A europeização pode suscitar problemas relevantes que convém
analisar:
·
Quando há invocação perante um tribunal
nacional da invalidade de uma norma ou de um acto de Direito Europeu como devem
os tribunais nacionais decidir? O juiz nacional não tem competência para
declarar a nulidade ou anular esse acto dado o princípio da separação entre a
jurisdição nacional e a europeia mas se pelo menos tiver dúvidas sobre ela e
entender que a resposta é condição da boa resolução do litígio está obrigado, mesmo
que da sentença do tribunal em causa caiba recurso jurisdicional no âmbito do
direito interno, a suscitar perante o TJ a questão prejudicial de apreciação de
invalidade do acto de Direito Europeu – caso Foto-Frost[2] – apesar de não estar expressamente
previsto no Tratado os estados membros seguem-no pacificamente. A justificação
avançada para esta solução é a da aspiração a uma uniformidade de aplicação do
Direito Europeu e também por razões de segurança jurídica.
·
Pode ainda suscitar-se a questão da possível
violação do princípio da igualdade: para assegurar a efectividade do Direito
Europeu, este tem de moldar os direitos nacionais. Não podem os particulares
ficar sujeitos a condições mais desfavoráveis no âmbito da aplicação do direito
interno do que resultaria da aplicação do Direito Europeu. Como exemplo podemos
indicar o caso da responsabilidade extracontratual do estado por incumprimento
do Direito Europeu. É sabido que o TJ admite a responsabilidade extracontratual
dos estados gerada por actos não normativos nomeadamente os administrativos e
os jurisdicionais. O critério para a efectivação da reparação é a reposição da
situação hipotética actual e deve também ser esse o critério adoptado quando a
violação se dá apenas no plano interno. Está previsto no 4º/2 a), 2ª parte CPTA
e na lei também não pode ser (nem é!) outro o critério adoptado (art. 3º nº1 da
lei 67/2007).
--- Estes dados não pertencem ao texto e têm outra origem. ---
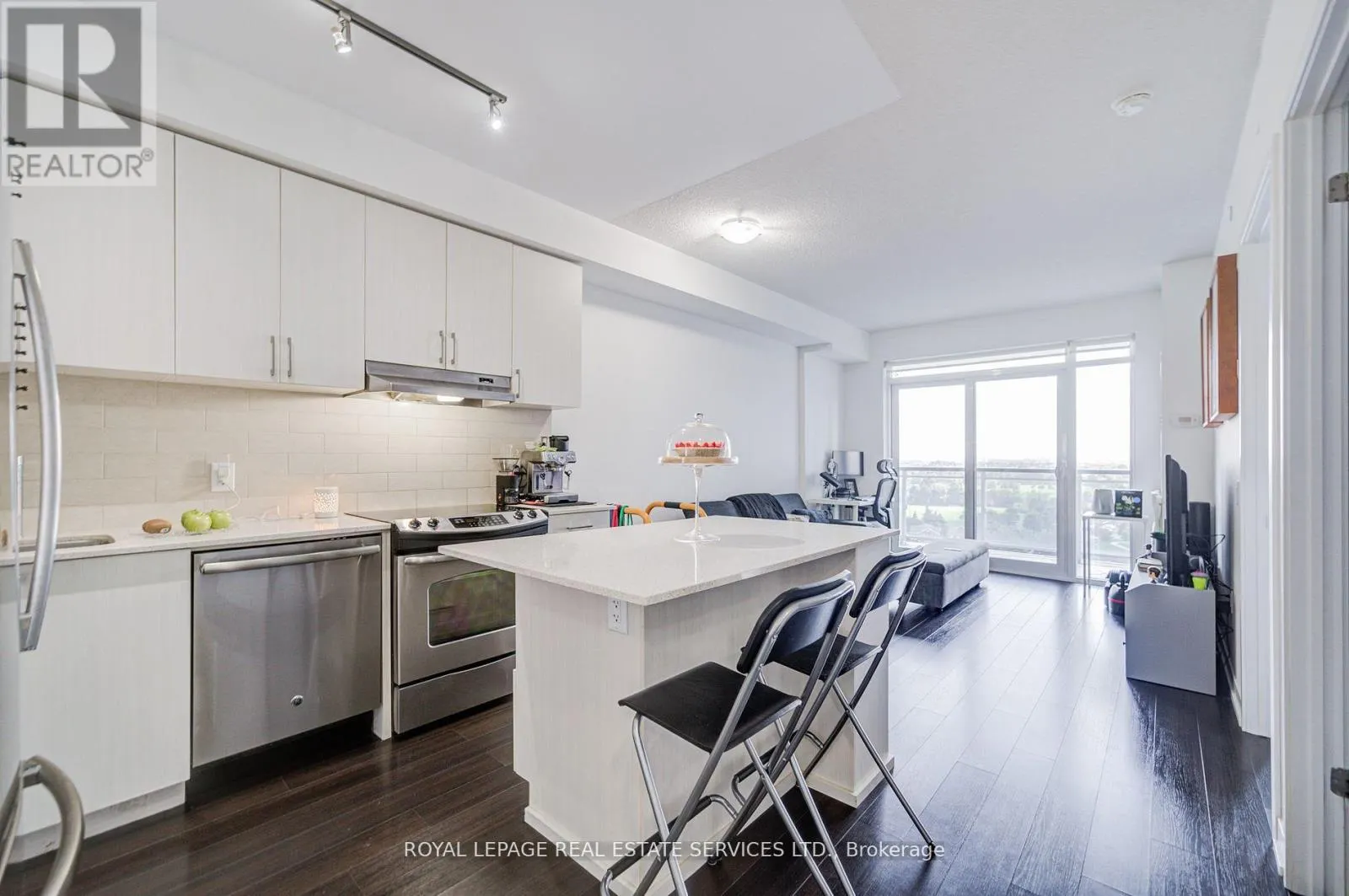 1008 - 2560 EGLINTON AVENUE W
Caso as soluções divergissem poderia gerar-se uma situação de
discriminação negativa quando se aplicasse o direito de fonte interna e poderia,
no limite, levar à discriminação de nacionais perante não nacionais.
É ainda importante ressalvar que
o fenómeno da europeização do
Direito Administrativo não pode ser interpretado como destruindo as
especificidades que os direitos nacionais apresentam. Esta solução é imposta
pelo princípio da subsidiariedade (previsto no Tratado da União Europeia, na
versão resultante do Tratado de Lisboa assim como nas anteriores). Os estados-membros
devem ser capazes de criar um Direito Administrativo nacional que dê plena
eficácia ao Direito Europeu na respectiva ordem interna e no tocante ao Contencioso
Administrativo, nomeadamente através de uma justiça célere, de qualidade e
eficaz. Se não o conseguirem fazer o Direito Europeu terá de se substituir aos Direitos
Administrativos nacionais.
Começa a discutir-se o nascimento
de um Direito Administrativo global que já vai em estado adiantado no que diz
respeito à OMC mas que ainda não pode ser generalizado.
[1] Tomando
como exemplo o acórdão Antonissen de
20 de Fevereiro de 2007. – Processo C-344/95.
[2]
Acórdão do Tribunal de Justiça de 22 de Outubro
de 1987. – FOTO-FROST contra HAUPTZOLLAMT LUEBECK- OST. – pedido de decisão
prejudicial apreciado pelo Finanzgericht Hamburg. – Incompetência dos tribunais
nacionais para declararem a invalidade dos actos comunitários – Processo
314/85.
Bibliografia
· SILVA, Vasco Pereira da, O Contencioso Administrativo no Divã da Psicanálise, 2ª edição, Almedina, 2009, págs.106 a 150.
· Quadros, Fausto, A europeização do Contencioso Administrativo in Estudos em Homenagem ao prof. Dr. Marcello Caetano no centenário do seu nascimento, 2006.